The two challenges; data for analytics and the actual analytics require a thoughtful strategy and approach that will allow you to sense the demands from the market in both a manner and a timeframe that will meet the velocity of change requirements. These challenges go hand-in-hand as two sides of the same coin; you cannot sense the change without a great deal of data to analyze and you cannot analyze the amount of data without the artificial intelligence to process large amounts of data.

From the data perspective it is very fortunate that the big data tools and storage technology has advanced to the stage were the collection and maintenance of the data is no longer an issue. This allows the collection of vast amounts of data available from all points of the supply chain and especially from the eCommerce channels. This data along the supply chain can now easily be captured for detailed analysis and because of the volume of data available the results of the analytics can be more accurate and more informative of trends. The important point here is the collection of data from the viewpoint that the more data the better because you never know where the analysis will take you and in order to come to a conclusion you must have the data to analyze and also prove the concept.

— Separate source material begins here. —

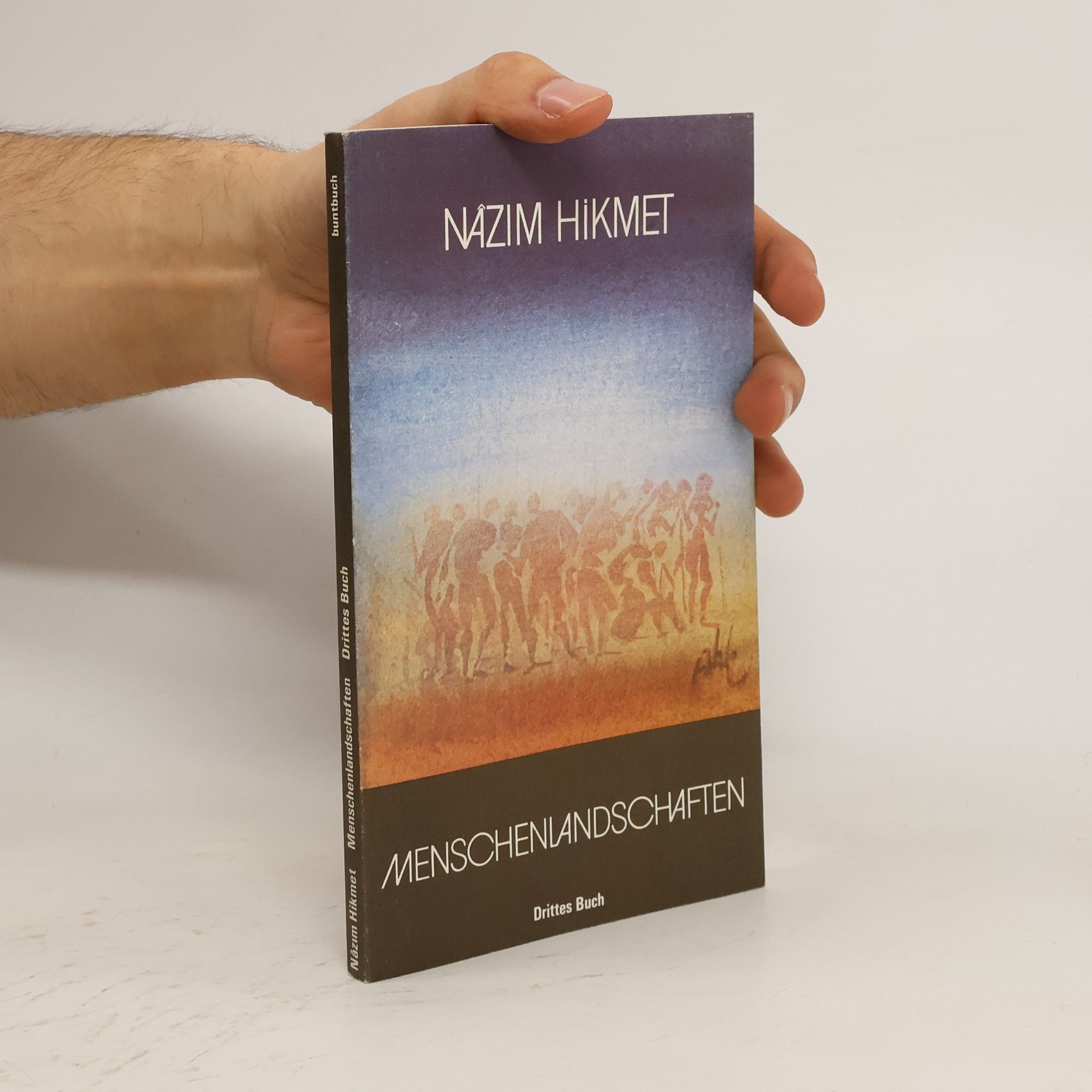 Nâzım Hikmet Menschenlandschaften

Ten years ago, in the early growth stages of big data, the challenge was the ability to collect and store the amounts of data for analysis and the analytic query tools to quickly perform the analysis. This required careful review of the data available to select the appropriate elements that you believed were necessary to produce the analytic results. Then the data collection required over night collection and the analytics were run to produce large reports in a daily schedule. Everything took time and you had to be careful to analyze the expected outcome. Now though because of the dramatic improvements in the technology the process and results are much more robust and immediate. Now there is no concern about the amount of data and the queries themselves are also much more interactive.

The analytics of the data presents the challenge in this equation and this is where the focus should be placed now. Artificial intelligence tools really come into play from this perspective to provide a value add to the equation. Artificial intelligence and machine learning will be a baseline requirement to allow the market to sense and then determine how to respond to the changing demands. These tools will are necessary to first sense and understand the demands of the market and then these same tools will provide the means to analyze the potential solutions and even forecast the impact to the market of change.

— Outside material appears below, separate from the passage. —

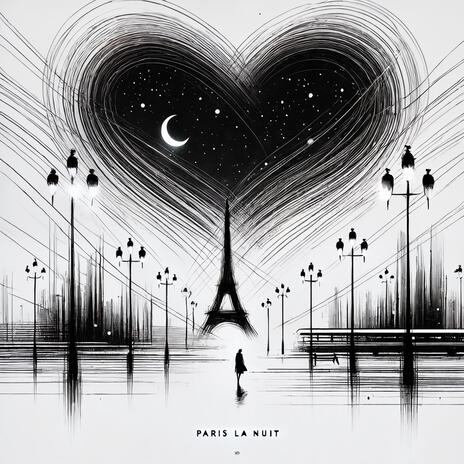 Paris la Nuit | Boomplay Music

The key benefit of these tools is the speed of analytical results and then combine that with the delivery speed of a solution. Speed of sensing the demand and then speed of response are the objectives that must be front and center for the market and the participants in the market. All indicators based on technology lead to increased speed of demands and resulting disruption in the market and market participants will not have the time required for any manual analysis of these trends. In addition, only failure will come from participants that wait for the market to deliver a solution that they can adopt.

The participants that embrace artificial intelligence combined with machine learning will be the players that succeed and prosper in the market. The rate of failure that we have seen in the market will only increase as the velocity of changing demands increase. The good news is the building block tools to quickly and efficiently sense and respond to the increased velocity of changing demands are already available. The bad news is that the market participants must embrace the tools to develop their own practices to use the tools.